Des images en 3D visionnées en réalité virtuelle sur smartphone
Dans l’étude, 92 personnes atteintes de tumeurs du rein dans six grands hôpitaux d’enseignement ont été réparties au hasard en deux groupes. Quarante-huit appartenaient au groupe contrôle et 44 au groupe intervention. Pour les membres du groupe témoin, le chirurgien s’est préparé à la chirurgie en examinant uniquement le scanner ou l’IRM du patient. Pour les membres du groupe d’intervention, le chirurgien s’est préparé à l’opération en examinant à la fois le scanner ou l’IRM et le modèle de réalité virtuelle 3D. Les chirurgiens ont passé en revue les modèles 3D à partir de leur téléphone portable et d’un casque de réalité virtuelle. Les scanners ou IRM des patients randomisés dans le groupe d’intervention ont été désidentifiés, et utilisés pour créer un modèle de réalité virtuelle 3D spécifique à chaque patient. Ce modèle comprenait au minimum le rein, la masse, l’artère rénale et la veine rénale. La plupart des modèles comprenaient également des structures anatomiques supplémentaires, telles que la rate, l’artère splénique, la veine splénique, l’uretère et le système collecteur, les kystes rénaux (si présents), les côtes et la colonne vertébrale.
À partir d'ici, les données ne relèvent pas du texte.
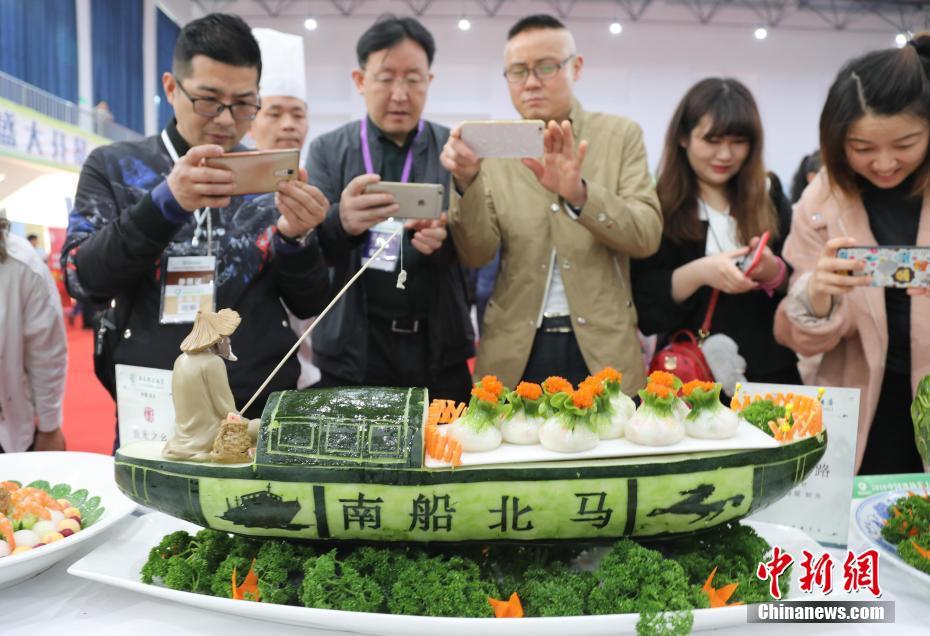 保险!板块震荡拉升 新华保险涨超3%创历史新高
Les chirurgiens ont examiné les modèles de réalité virtuelle 3D via une application mobile développée par le sponsor et installée sur leur smartphone. Des paramètres tels que le nombre d’artères et de veines et le score de néphrométrie avec des composants individuels étaient également visibles sur le smartphone du chirurgien. Le modèle peut être pivoté et zoomé à l’aide de gestes standard sur smartphone, et le chirurgien peut afficher ou masquer chaque structure anatomique. De plus, certaines structures ont été rendues translucides pour permettre la visualisation des structures incrustées. C’était une caractéristique importante pour permettre la visualisation de la masse dans le rein et, dans certains cas, des composants kystiques. Pour chaque cas d’intervention, le chirurgien a consulté le modèle VR 3D avant l’opération, et pendant s’il le souhaitait.
Les résultats de cette étude* ont été publiés le 18 septembre dans le Jama Network Open.
Résultats
- La durée de l’intervention chirurgicale est réduite d’environ 10 mn pour les patients appartement au groupe 3D réalité virtuelle
- La durée du séjour hospitalier était également diminuée de 2 jours
- La perte de sang était supérieure de 200 ml dans le groupe contrôle
- La différence de temps de clampage n’était pas significative
De tels résultats ne sont pas anodins puisque ces paramètres (le temps opératoire, la perte de sang, le temps de clampage et la durée du séjour à l’hôpital- sont positivement corrélées à de meilleurs résultats pour les patients. En outre, plus l’opération était complexe, plus l’ampleur des améliorations liée à la 3D en réalité virtuelle était importante.
La 3D en réalité virtuelle pour préparer plusieurs chirurgies cancéreuses
L’un des auteurs de l’étude a donc déclaré que « la visualisation de l’anatomie du patient dans un format 3D multicolore, et en particulier dans la réalité virtuelle, donne au chirurgien une meilleure compréhension des structures clés et de leurs relations les unes avec les autres« . Ces résultats ne font certes que conforter une hypothèse émise depuis longtemps par les chirurgiens mais avoir des preuves de cette ampleur, générées par des chirurgiens très expérimentés de grands centres médicaux, est une tout autre affaire. Cela nous indique que l’utilisation de modèles numériques 3D pour les chirurgies du cancer n’est plus une chose que nous devrions envisager pour l’avenir, mais quelque chose que nous devrions faire maintenant. «
Enfin, cette étude portait sur le cancer du rein, mais l’utilisation de modèles 3D pour la planification chirurgicale pourraient être pertinent dans d’autres opérations cancéreuses, telles que la prostate, les poumons, le foie et le pancréas.